Lots has happened since my twelve days of being “kidnapped”.

Ive made some good choices and some bad choices……

GOOD CHOICES-

1. Went to Grandmothers birthday and spent time with family

2. Went back to work and made money to pay bills and catch up from Aria

3. Quit smoking Meth and kept my promise to Kasey that I would not purchase another sac.

4. Was honest with Kasey about my decision to allow Thomas to manipulate me.

BAD CHOICES-

1. Allowed Kasey to continue being in my life, even though I was not getting what I needed from him

2. Allowed his friend Thomas to manipulate me into having sex.

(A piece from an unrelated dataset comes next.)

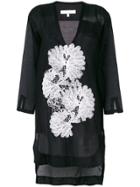 Lila. Eugenie Lace Detail Beach Dress - Black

3. Wasnt going to the gym regularly

Kasey was only calling sporadically and I was surprised when he was there for me after telling him I had fucked his friend.

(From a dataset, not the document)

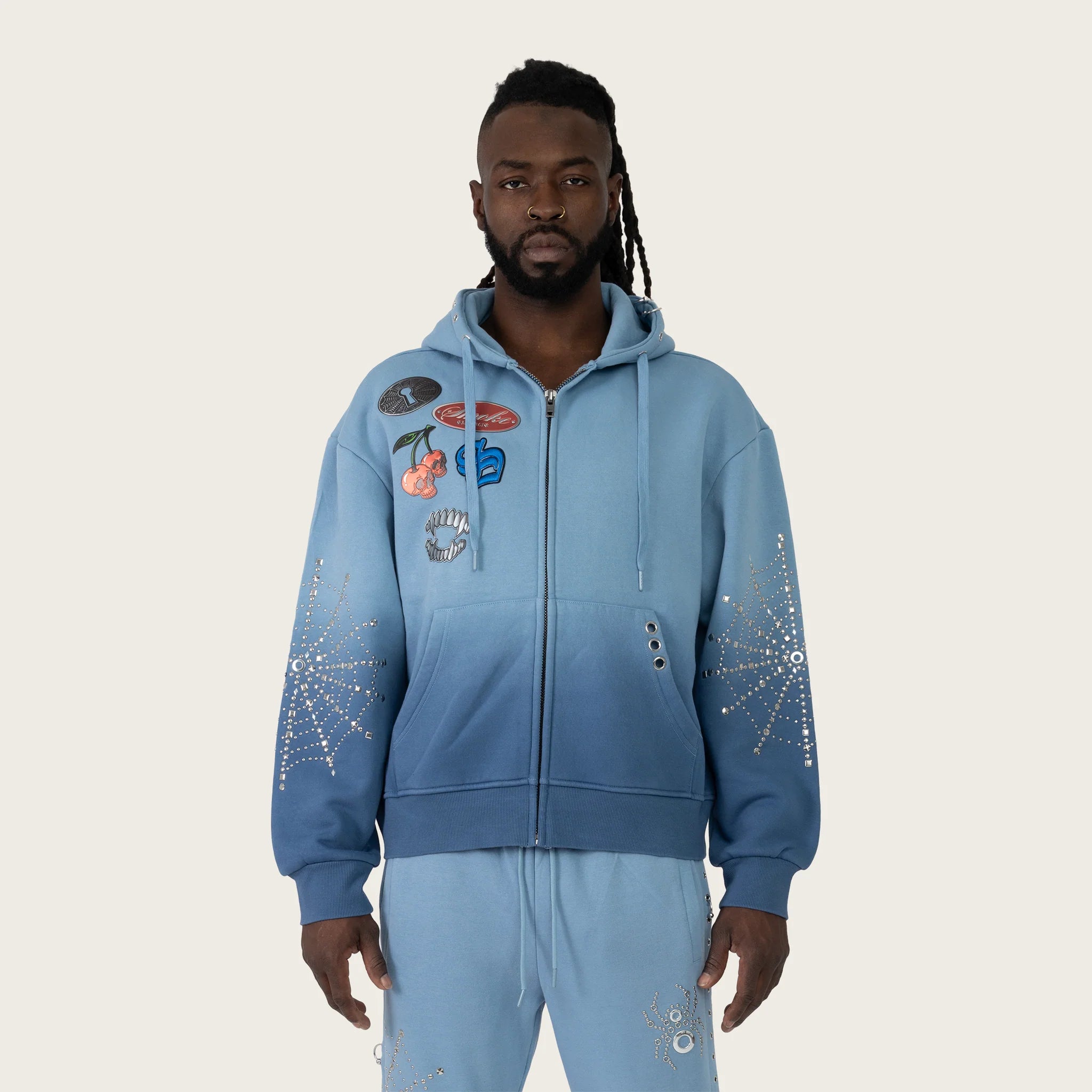 Men's Smoke Rise Oversized No Rules Fleece Full Zip Hoodie Dusk Blue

Side Note- I was molested from ages 5 to 8 and since then have NEVER felt molested or manipulated by men because I always took charge and took the situation into my hands, until Thomas. He wasnt forceful or mean. He knew exactly what to say and his continuous pressure and banter wore on me. He also continued to feed me information about Kasey like he was a “bad person” and a “manipulator”, and asked me several times to stop talking about him. I was in a vulnerable state to begin with since i was out of drugs and prepared to come down as promised. He didn’t make me do it and in the end it was my decision, but after I asked him to leave my room & he left i jumped into the shower and cried. I held myself as the water poured down me, feeling molested and disrespected, I realized I was very unhealthy and ready to get back to myself.

Kasey called and I had to be honest about what happened. I was surprised Kasey flew me out to LA to allow me to detox and wind down from my toxic self

I felt embarrassed that Kasey had to see me this way; sweaty, stinky, tired, moody and broken out from the drug seeping thru my pours. I must have looked like something the cat dragged in but he took me in and was there for me.

I was proud of myself to show him it could be done, hoping he would see that with a little brain power anything is possible.

After two days he flew me back to Las Vegas and made sure to leave a text message telling me he was proud. I wanted more from him. I was so confused at what we were, or what we had?. Yes, I had done something stupid and wrong and immature and every other bad thing you want to call it by allowing myself to think i could be friends with a man who’s number one goal was to sleep with me. I tried to do something nice and was taken advantage of, worst of all it was his friend.  On the other hand, I hadnt stopped him from sleeping with anyone and never asked him what he was doing all the nights he did not call or reply to my texts. When I broke down what had happened, leaving him at Aria and us never establishing or talking about what would happen next I assumed he wanted to just have fun cause he didnt make much of an effort and my co dependent self wanted to find out why. My healthier self was telling me to let go.